These novels are science fiction. That means they are stories with some connection to science, particularly speculative science.

Physics and Mathematics

Scalars, vectors, tensors, and spinors are all mathematical terms for rather straightforward ideas. 

Think of a scalar as a thing with one slot that can be filled with a number.  It can represent anything, but for example let's create a scalar for height.  A scalar field is just a construct that contains a scalar for each point in some space.  For example, we could have a scalar field for the height of the grass on a golf course.  On the greens, the height will be nearly uniform and very short.  On the fairways, the height will be fairly uniform and higher.  In the rough, the height will be extremely variable and even higher.

A vector is a thing with two slots.  For example, wind speed and compass direction.  A weather map often shows a vector field of wind speeds and directions.  In the figures below, two patches show uniform vectors within the patch but differences between the patches.  In a real weather map, the vectors near a given point will not be uniform but will have similar directions and speeds, but the values will change smoothly as you change position.

vector field 

A tensor is a generalization of a vector and usually has three or more slots, but there are also tensor fields.  On example of a two-dimensional tensor field is the stress on the ground just prior to an earthquake.  At each point, there are forces pushing on the point and if you look at each direction, the amount of forces is different.  You might represent this on a map as different sizes and shapes of elipses, one elipse for each point.

Note that a scalar is a tensor of order 0, a vector is a tensor of order 1, and a general tensor has higher order.  However, each of these can be applied to spaces of different dimensions.  Thus, you can have an order-0 scalat field on a 2-dimensional plane or the 2-dimensional surface of a sphere, but you can also have an order-0 scalar field on the 3-dimensional volume of a sphere.  Similarly, a tensor of any order might be applied to a space of any dimension.  For nice situations, you can think of representing each slot in one of these things by a set of coordinate values, with the number of coordinates being equal to the dimension of the space.  Therefore, the number of components of a vector field a three dimensional space would derive from three coordinates times three coordinates (for the two slots) = 9.  In a 2-dimensional space, there would only by 2 times 2 or 4 components.  But that stress tensor on a 2-dimensional surface would have 2 times 2 times 2 = 8 components.  On a 3-dimensional space, it would have 27 components.

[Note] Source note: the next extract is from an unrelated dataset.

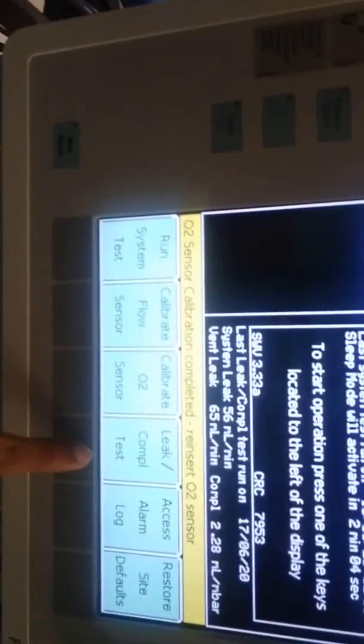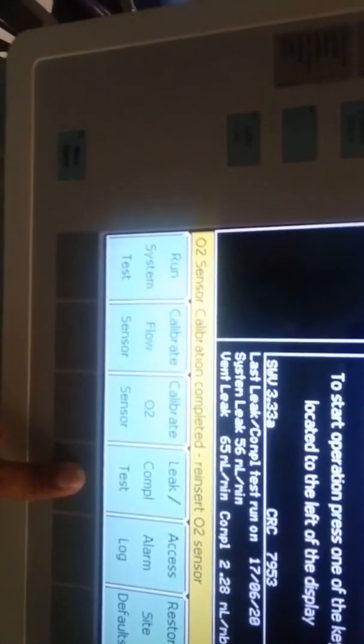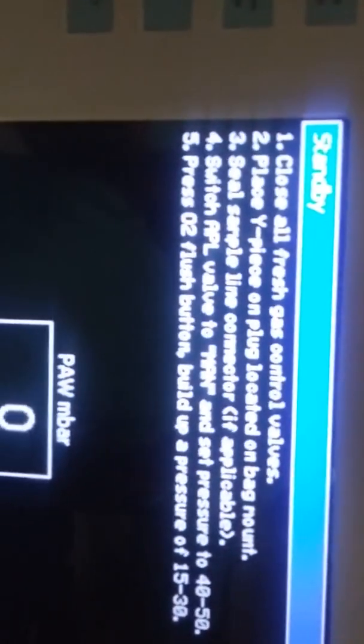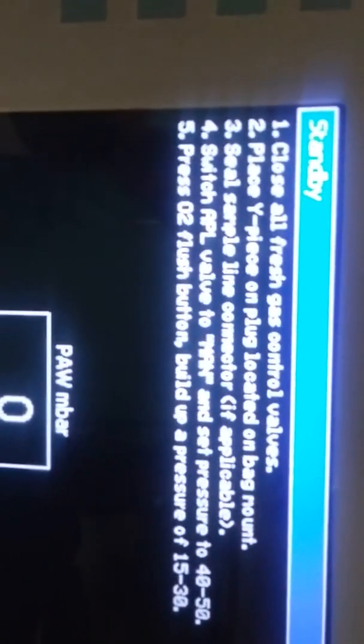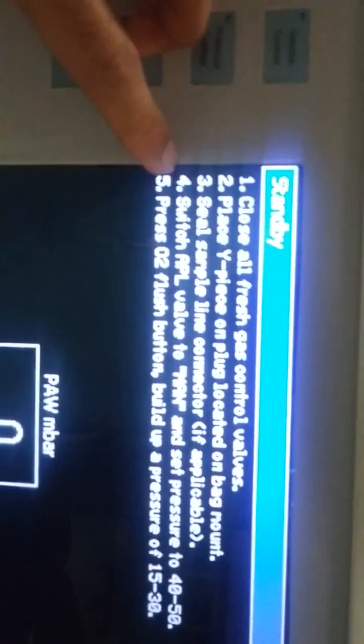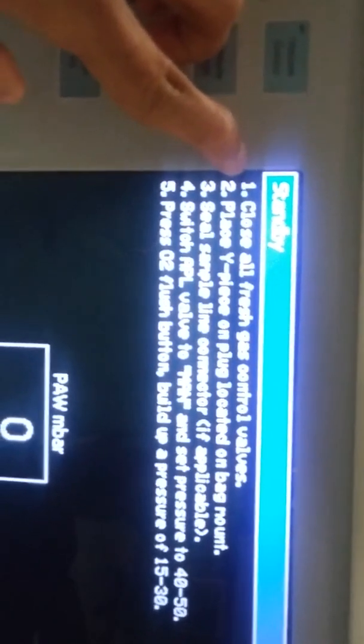Next step is leak and compliance test. First select the option and we can get a new window about mandatory steps. First step is close all fresh gas control valves by rotating clockwise. Close the valves rotating clockwise. Rotating anti-clockwise opens the valves. We should confirm that all gases like oxygen, nitrous oxide, air are in off position. The leak test is performed by workstation itself. After that proceed.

A spinor is another generalization in which the component values can be complex numbers or real numbers.  This makes them much more complicated.

Fiction

In these books, our heroes are modifying the component values of tensors.  They use the short-hand and say they are modifying the component values.  However, rather than meaning that they just change the numeric value of the tensor that is written on paper, they are modifying a property that causes the tensor to have that numeric value.  In general, we don't know how to do this.